Perhaps it should reuse the enumeration pattern elsewhere in sysfs?
For example,

# cat /sys/block/sda/queue/scheduler
none [mq-deadline]
# echo none > /sys/block/sda/queue/scheduler
# cat /sys/block/sda/queue/scheduler
[none] mq-deadline

(Annoying that this seems to be opencoded wherever it appears...)

--D

> Best regards,
> Yi.
> 
>
Zhang Yi June 13, 2025, 3:15 a.m. UTC | #6
On 2025/6/12 23:03, Darrick J. Wong wrote:
> On Thu, Jun 12, 2025 at 07:20:45PM +0800, Zhang Yi wrote:
>> On 2025/6/12 12:47, Christoph Hellwig wrote:
>>> On Wed, Jun 11, 2025 at 03:31:21PM +0800, Zhang Yi wrote:
>>>>>> +/* supports unmap write zeroes command */
>>>>>> +#define BLK_FEAT_WRITE_ZEROES_UNMAP	((__force blk_features_t)(1u << 17))
>>>>>
>>>>>
>>>>> Should this be exposed through sysfs as a read-only value?
>>>>
>>>> Uh, are you suggesting adding another sysfs interface to expose
>>>> this feature?
>>>
>>> That was the idea.  Or do we have another way to report this capability?
>>>
>>
>> Exposing this feature looks useful, but I think adding a new interface
>> might be somewhat redundant, and it's also difficult to name the new
>> interface. What about extend this interface to include 3 types? When
>> read, it exposes the following:
>>
>>  - none     : the device doesn't support BLK_FEAT_WRITE_ZEROES_UNMAP.
>>  - enabled  : the device supports BLK_FEAT_WRITE_ZEROES_UNMAP, but the
>>               BLK_FLAG_WRITE_ZEROES_UNMAP_DISABLED is not set.
>>  - disabled : the device supports BLK_FEAT_WRITE_ZEROES_UNMAP, and the
>>               BLK_FLAG_WRITE_ZEROES_UNMAP_DISABLED is set.
>>
>> Users can write '0' and '1' to disable and enable this operation if it
>> is not 'none', thoughts?
> 
> Perhaps it should reuse the enumeration pattern elsewhere in sysfs?
> For example,
> 
> # cat /sys/block/sda/queue/scheduler
> none [mq-deadline]
> # echo none > /sys/block/sda/queue/scheduler
> # cat /sys/block/sda/queue/scheduler
> [none] mq-deadline
> 
> (Annoying that this seems to be opencoded wherever it appears...)
> 

Yeah, this solution looks good to me. However, we currently have only
two selections (none and unmap). What if we keep it as is and simply
hide this interface if BLK_FEAT_WRITE_ZEROES_UNMAP is not set, making
it visible only when the device supports this feature?

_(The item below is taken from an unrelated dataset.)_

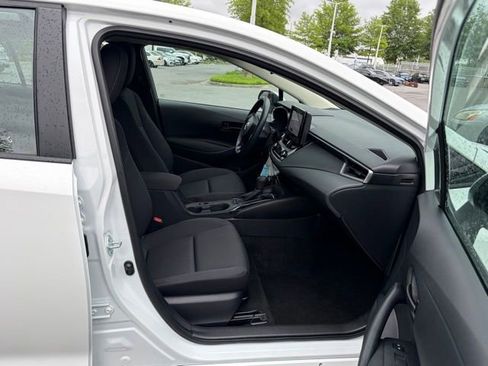 Used 2024 Toyota Corolla LE FWD image 25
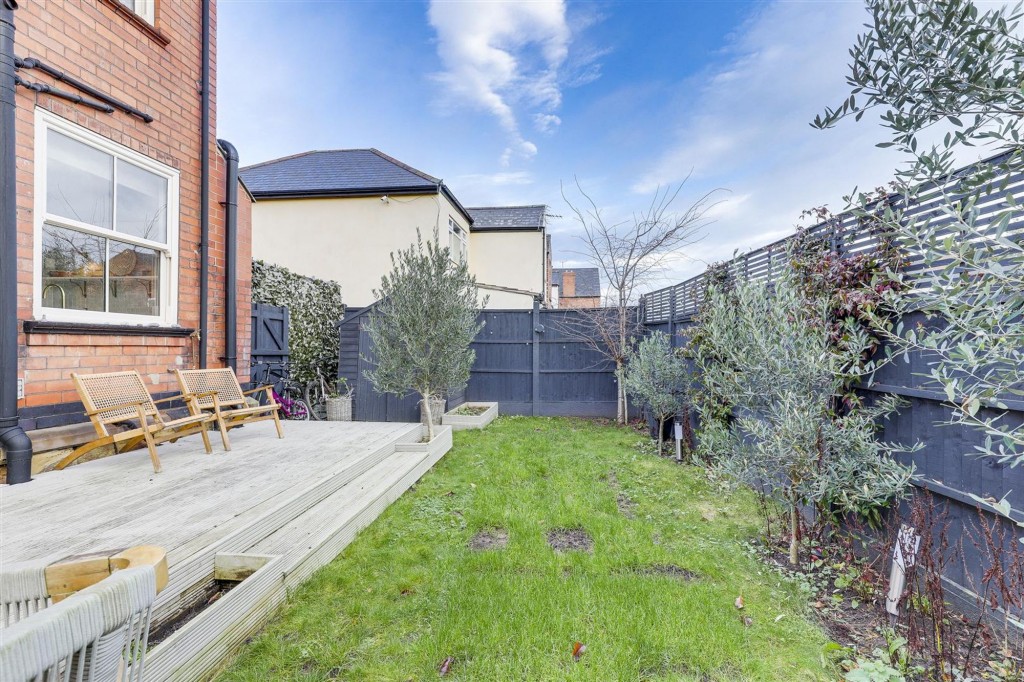 Gedling Road, Carlton, NG4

Something like
below:

diff --git a/block/blk-sysfs.c b/block/blk-sysfs.c
index e918b2c93aed..204ee4d5f63f 100644
--- a/block/blk-sysfs.c
+++ b/block/blk-sysfs.c
@@ -747,6 +747,9 @@ static umode_t queue_attr_visible(struct kobject *kobj, struct attribute *attr,
             attr == &queue_max_active_zones_entry.attr) &&
            !blk_queue_is_zoned(q))
                return 0;
+       if (attr == &queue_write_zeroes_unmap_entry.attr &&
+           !(q->limits.features & BLK_FEAT_WRITE_ZEROES_UNMAP))
+               return 0;

        return attr->mode;
 }

Thanks,
Yi.
Christoph Hellwig June 13, 2025, 5:56 a.m. UTC | #7
On Fri, Jun 13, 2025 at 11:15:41AM +0800, Zhang Yi wrote:
> Yeah, this solution looks good to me. However, we currently have only
> two selections (none and unmap). What if we keep it as is and simply
> hide this interface if BLK_FEAT_WRITE_ZEROES_UNMAP is not set, making
> it visible only when the device supports this feature? Something like
> below:

I really hate having all kinds of different interfaces for configurations.
Maybe we should redo this similar to the other hardware/software interfaces
and have a hw_ limit that is exposed by the driver and re-only in
sysfs, and then the user configurable one without _hw.  Setting it to
zero disables the feature.
Darrick J. Wong June 13, 2025, 2:54 p.m. UTC | #8
On Fri, Jun 13, 2025 at 07:56:30AM +0200, Christoph Hellwig wrote:
> On Fri, Jun 13, 2025 at 11:15:41AM +0800, Zhang Yi wrote:
> > Yeah, this solution looks good to me. However, we currently have only
> > two selections (none and unmap). What if we keep it as is and simply
> > hide this interface if BLK_FEAT_WRITE_ZEROES_UNMAP is not set, making
> > it visible only when the device supports this feature? Something like
> > below:
> 
> I really hate having all kinds of different interfaces for configurations.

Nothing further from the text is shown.